Remember that in order to use the shortcut (formula-based, theoretical) approach, we need to check that some conditions are met.

*Independent observations*: The observations among pairs are independent.The locations are selected independently through random sampling so this condition is met.

*Approximately normal*: The distribution of population of differences is normal or the number of pairs is at least 30.The histogram above does show some skew so we have reason to doubt the population being normal based on this sample. We also only have 10 pairs which is fewer than the 30 needed. A theory-based test may not be valid here.

#### Test statistic

The test statistic is a random variable based on the sample data. Here, we want to look at a way to estimate the population mean difference \(\mu_{diff}\). A good guess is the sample mean difference \(\bar{X}_{diff}\). Recall that this sample mean is actually a random variable that will vary as different samples are (theoretically, would be) collected. We are looking to see how likely is it for us to have observed a sample mean of \(\bar{x}_{diff, obs} = 0.0804\) or larger assuming that the population mean difference is 0 (assuming the null hypothesis is true). If the conditions are met and assuming \(H_0\) is true, we can “standardize” this original test statistic of \(\bar{X}_{diff}\) into a \(T\) statistic that follows a \(t\) distribution with degrees of freedom equal to \(df = n - 1\):

\[ T =\dfrac{ \bar{X}_{diff} - 0}{ S_{diff} / \sqrt{n} } \sim t (df = n - 1) \]

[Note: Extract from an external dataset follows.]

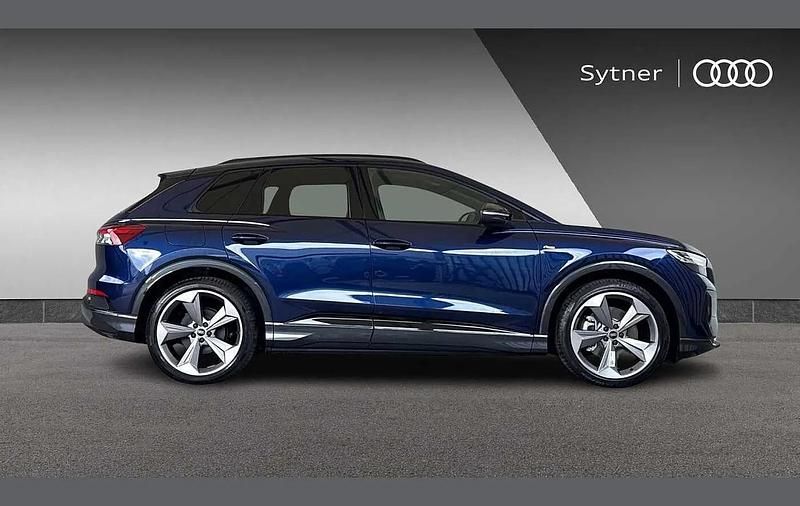 Used Audi Q4 e-tron Black Edition 210 kW (286 HP) 2025 Blue SUV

where \(S\) represents the standard deviation of the sample differences and \(n\) is the number of pairs.

##### Observed test statistic

While one could compute this observed test statistic by “hand”, the focus here is on the set-up of the problem and in understanding which formula for the test statistic applies. We can use the `t_test`

function on the differences to perform this analysis for us.

```
t_test_results <- zinc_diff %>%
t_test(
formula = pair_diff ~ NULL,
alternative = "less",
mu = 0
)
t_test_results
```

```
# A tibble: 1 x 6
statistic t_df p_value alternative lower_ci upper_ci
<dbl> <dbl> <dbl> <chr> <dbl> <dbl>
1 -4.86381 9 0.000445558 less -Inf -0.0500982
```

We see here that the \(t_{obs}\) value is -4.864.

#### Compute \(p\)-value

The \(p\)-value—the probability of observing a \(t_{obs}\) value of -4.864 or less in our null distribution of a \(t\) with 9 degrees of freedom—is 0. This can also be calculated in R directly:

`[1] 0.000446`

#### State conclusion

We, therefore, have sufficient evidence to reject the null hypothesis. Our initial guess that our observed sample mean difference was not statistically less than the hypothesized mean of 0 has been invalidated here. Based on this sample, we have evidence that the mean concentration in the bottom water is greater than that of the surface water at different paired locations.

### B.6.5 Comparing results

Observing the bootstrap distribution and the null distribution that were created, it makes quite a bit of sense that the results are so similar for traditional and non-traditional methods in terms of the \(p\)-value and the confidence interval since these distributions look very similar to normal distributions. The conditions were not met since the number of pairs was small, but the sample data was not highly skewed. Using any of the methods whether they are traditional (formula-based) or non-traditional (computational-based) lead to similar results here.